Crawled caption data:
"""

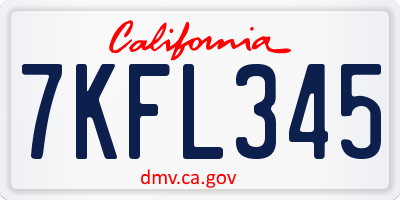 CA license plate 7KFL345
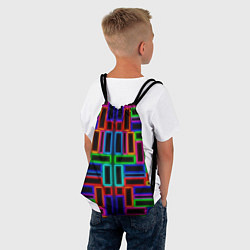 Рюкзак-мешок Цветные светящиеся прямоугольники, цвет: 3D-принт — фото 2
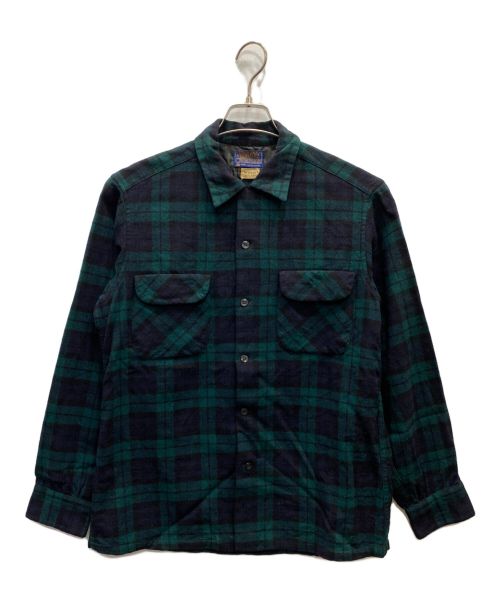 PENDLETON（ペンドルトン）PENDLETON (ペンドルトン) 60’s 開襟ウールチェックネルシャツ グリーン サイズ:Mの古着・服飾アイテム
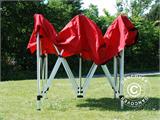 Tente pliante FleXtents PRO Steel 3x3m Rouge, avec 4 cotés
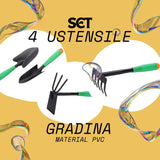 Set 4 Unelte De Gradina Pentru Plantare Prelucrare Sol Si Ingrijire Plante, Material Pvc Si Cardboard, Verde - vivimall.ro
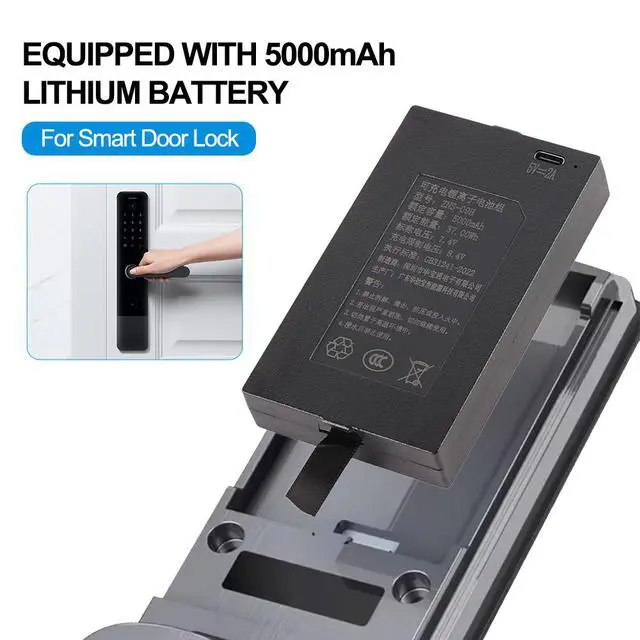 Alt view image 6 of 7 - KingSener ZNS-09H 5000mAh Replacement Battery For Smart Door Lock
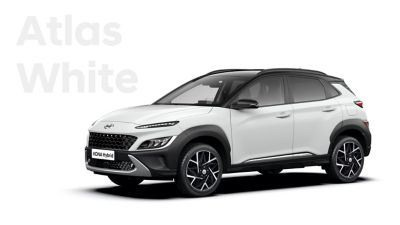 Nowa, zachwycająca gama kolorów Nowego Hyundaia Kona Hybrid: Atlas White.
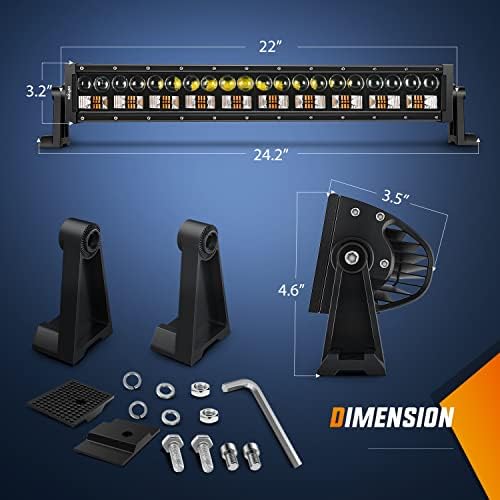 Nilight LED Light Bar 7D 22" 150W Spot Flood Combo Beam Amber White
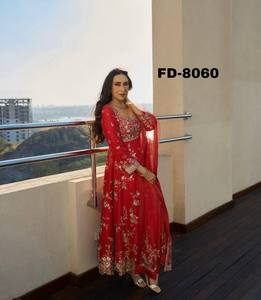 Elegant Blue Silk Salwar Kameez With Embroidered Dupatta Traditional Women's <b>Wedding</b> Wear India Pakistan - Product Image 6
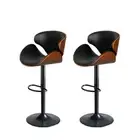 Levede 1x Bar Stools Gas Lift Kitchen Counter Beech Stool Metal Black Barstools
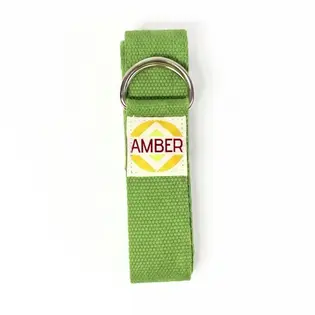 Ремінь для йоги з D-пряжкою Amber зелений 183×3.8 см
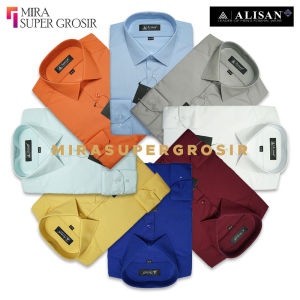 ALISAN KEMEJA KANTOR FORMAL POLOS PRIA LENGAN PANJANG REGULER WARNA HITAM PUTIH ABU SIZE  S M L XL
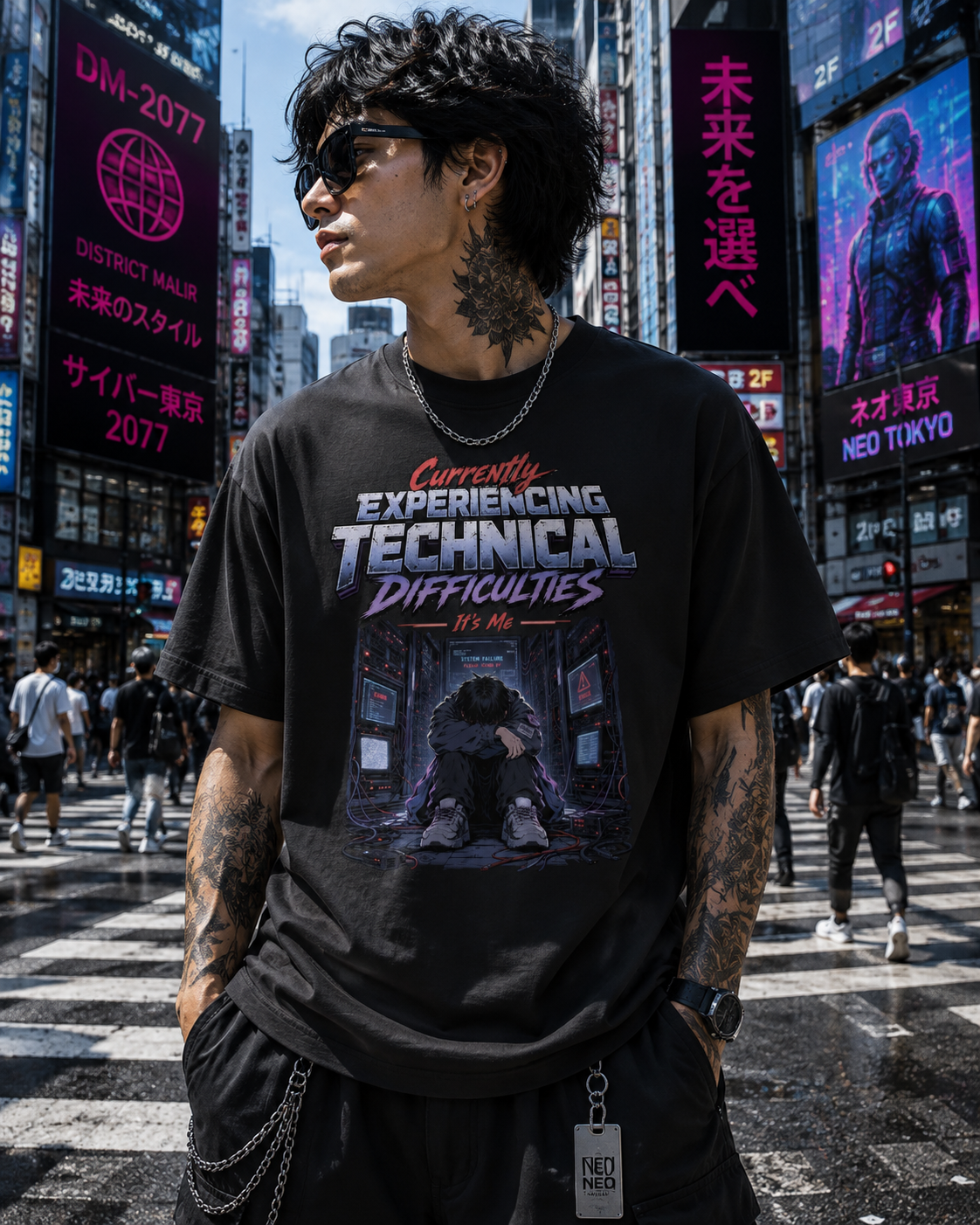 A man wearing a black graphic t-shirt with 'Currently EXPERIENCING TECHNICAL DIFFICULTIES It's Me' printed on the front, standing in a busy Japanese city street with neon signs.
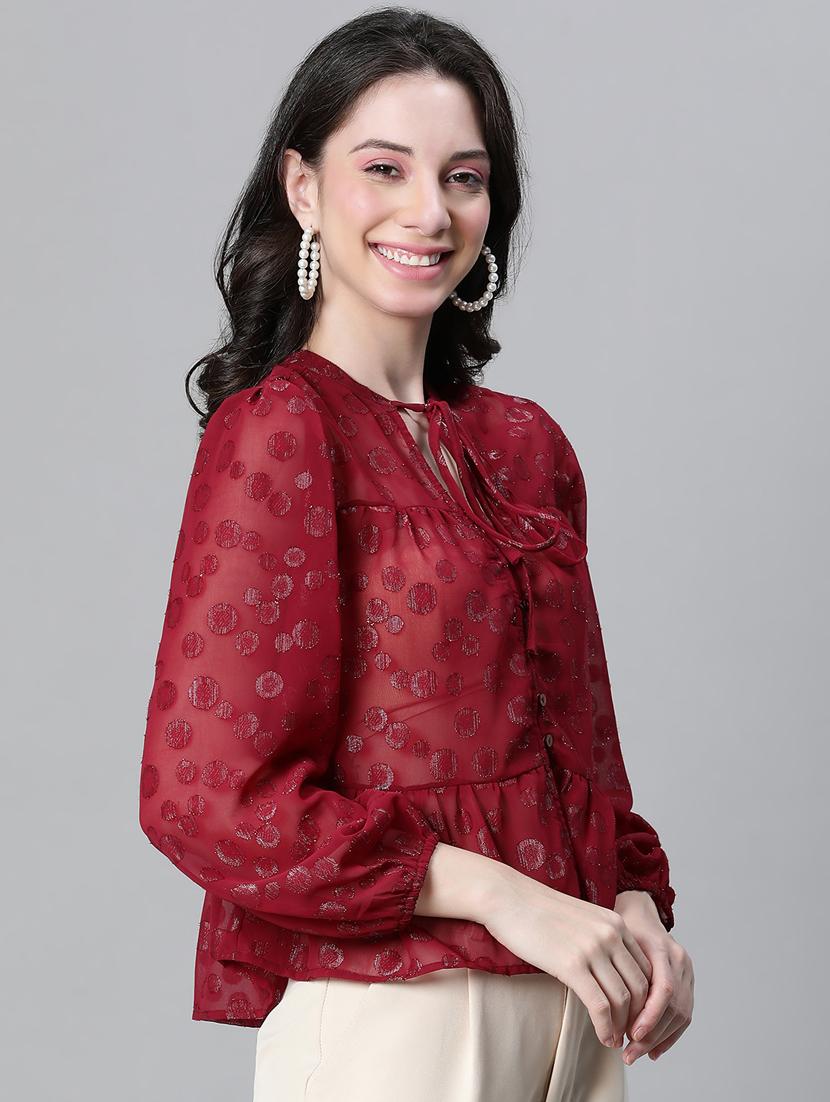 women self designed puff sleeves top - 20592367 -  Standard Image - 1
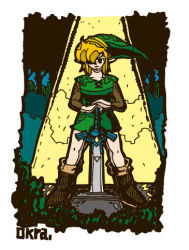 Rule 34 | 1boy, green shirt, hat, link, lowres, male focus, master sword, nintendo, okra (artist), pointy ears, solo, sword, the legend of zelda, the legend of zelda: a link to the past, weapon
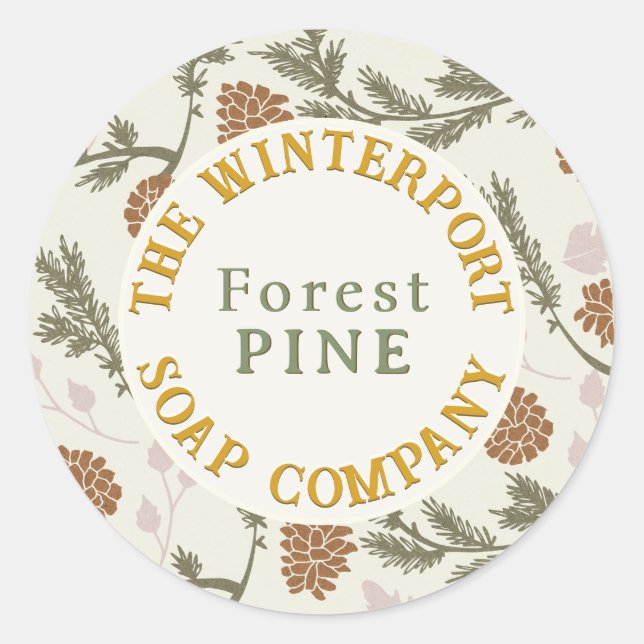 Winter Woods Pine Bough and Cone Soap Label (Front)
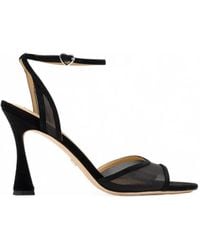 Badgley Mischka - Ysabel Mesh-Panel Suede Sandals - Lyst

"""

With the pictures omitted, print precisely the lines from the one with "Elegant Blue Silk" to the final line of the records, both included.

* **EXERCISE ANSWER**:
 Elegant Blue Silk Salwar Kameez With Embroidered Dupatta Traditional Women's <b>Wedding</b> Wear India Pakistan - Product Image 6
 Levede 1x Bar Stools Gas Lift Kitchen Counter Beech Stool Metal Black Barstools
 Ремінь для йоги з D-пряжкою Amber зелений 183×3.8 см
 ALISAN KEMEJA KANTOR FORMAL POLOS PRIA LENGAN PANJANG REGULER WARNA HITAM PUTIH ABU SIZE  S M L XL
 A man wearing a black graphic t-shirt with 'Currently EXPERIENCING TECHNICAL DIFFICULTIES It's Me' printed on the front, standing in a busy Japanese city street with neon signs.
 women self designed puff sleeves top - 20592367 -  Standard Image - 1
 Rule 34 | 1boy, green shirt, hat, link, lowres, male focus, master sword, nintendo, okra (artist), pointy ears, solo, sword, the legend of zelda, the legend of zelda: a link to the past, weapon
 Winter Woods Pine Bough and Cone Soap Label (Front)
 Badgley Mischka - Ysabel Mesh-Panel Suede Sandals - Lyst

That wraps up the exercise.